Recognizing the existence of worlds organised around the Life-principle or the Mind-principle and not subjected to the limitations of the Material world, we can see that the interaction between these worlds and the material world within which we habitually act is subject to a certain amount of interpretation which we bring to the experience from our normal viewpoint. Sri Aurobindo describes this process of translation as follows: “If we look from this point of view at man’s traditional accounts of other-worldly existence, we shall find that mostly they point to worlds of a larger Life liberated from the restrictions and imperfections or incompleteness of Life in earth-nature. These accounts are evidently built largely by imagination, but there is an element also of intuition and divination, a feeling of what Life can be and surely is in some domain of its manifested or its realisable nature; there is also an element of true subliminal contact and experience. But the mind of man translates what he sees or receives or contacts from other-nature into figures proper to his own consciousness; they are his translations of supraphysical realities into his own significant forms and images and through these forms and images he enters into communication with the realities and can make them to a certain degree present and effective.”

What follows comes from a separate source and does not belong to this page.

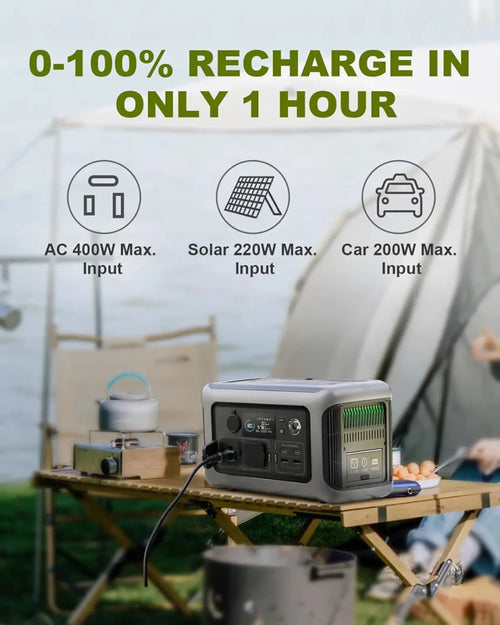 Allpowers R600 portable power station with 299Wh LiFePO4 battery and 600W capacity, shown in a sleek black design.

Examining subtle life-states which are commonly described by humans, we can see a number of phenomena which can be reviewed and understood from this perspective. One such experience is the after-death experience. People who have died and been brought back to life frequently describe an experience that has the characteristics of a subtle vital world which nevertheless has many familiar forms and figures. Sri Aurobindo discusses this issue: “The experience of an after-death continuance of a modified earth-life may be explained as due to this kind of translation; but it is also explainable partly as the creation of a subjective post-mortal state in which he still lives in figures of habitual experience before he enters into other-worldly realities, partly as a passage through Life-worlds where the type of things expresses itself in formations originative of those to which he was attached in his earthly body or akin to them and therefore exercises a natural attraction on the vital being after its exit from the body.” We see then that the consciousness may be translating an experience into more or less familiar terms; or it may actually be passing through states or worlds that are connected to the vital experience which it had on earth in life. This illustrates one way or the other the inter-relation and influence of the Vital worlds on the earthly life and consciousness.

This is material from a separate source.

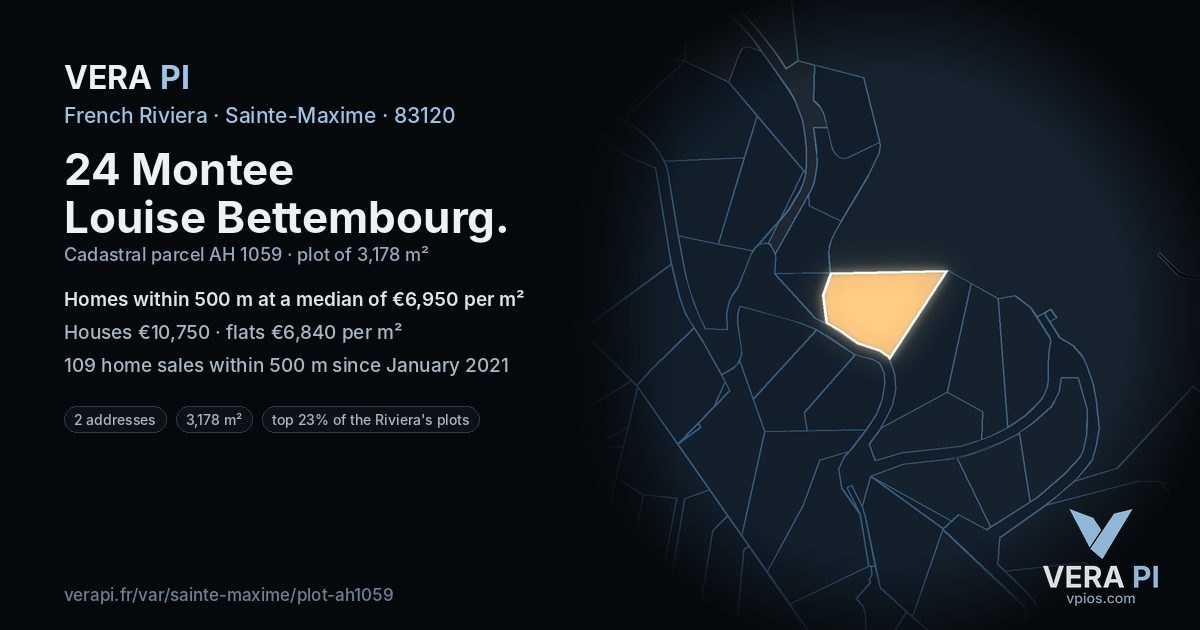 24 Montee Louise Bettembourg, Sainte-Maxime at night – the plot lit, the parcels around coloured by the prices near them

Sri Aurobindo, The Life Divine, Book 2, Part 2, Chapter 21, The Order of the Worlds

Fulfilled Self-Expression in the Worlds of Larger Mind

Sri Aurobindo draws a corollary between the action of the vital life-forces in their own native life-worlds and the action of the mental forces in their own native mind-worlds. “In the same way as the powers of Life are self-founded, perfect and full in a greater Life beyond us, so too the powers of Mind, its ideas and principles that influence our earth-being, are found to have in the greater Mind-world their own field of fullness of self-nature, while here in human existence they throw out only partial formations which have much difficulty in establishing themselves because of their meeting and mixture with other powers and principles; this meeting, this mixutre curbs their completeness, alloys their purity, disputes and defeats their influence.”

While the earth-plane is an “evolutionary” world, that is, we see progressive unfolding and development, Sri Aurobindo points out that “These other worlds, then, are not evolutionary, but typal…” It is the “typal” nature of these worlds that provides a framework for the pure action of these levels of consciousness-force, and which thereby both provides a foundation for what can be “involved” into the material world, and a support for the manifestation of these forces as they evolve and develop in the physical world.

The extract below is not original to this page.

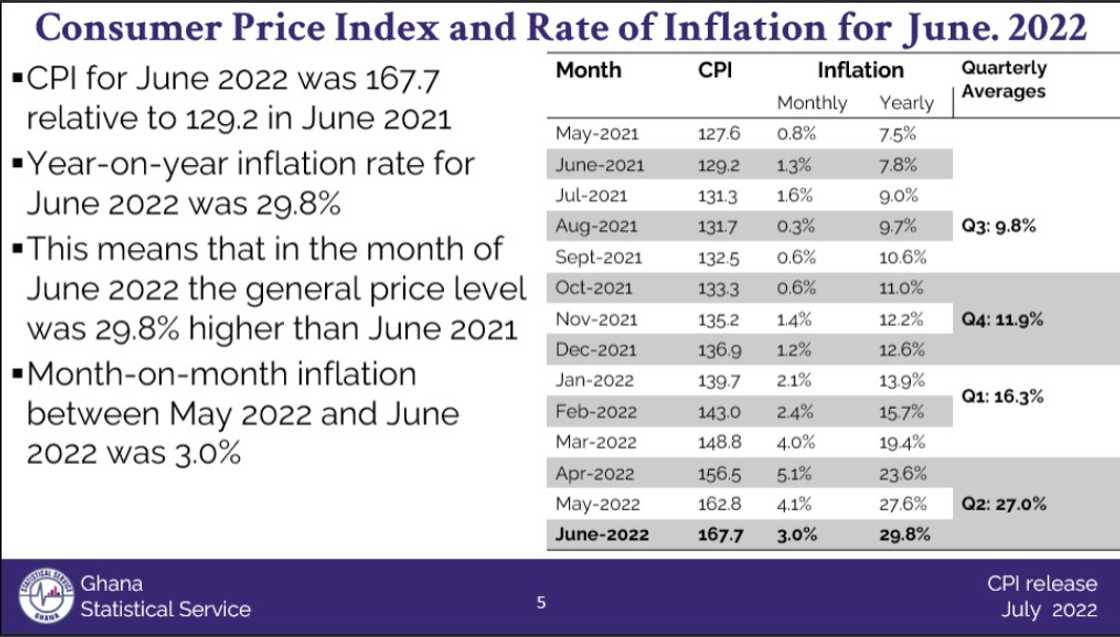 CPI for June 2022 CPI for June 2022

Sri Aurobindo, The Life Divine, Book 2, Part 2, Chapter 21, The Order of the Worlds

Fulfilled Self-Expression in the Worlds of Larger Life

When the powers of the life-world enter into our material universe, they become mixed, come into conflict with other forces that are at work, are diluted as they try to act in matter, are controlled to some degree by the working of the mental forces which modify and guide them. In all of this mixed action, they are therefore limited and unsatisfied in their expression.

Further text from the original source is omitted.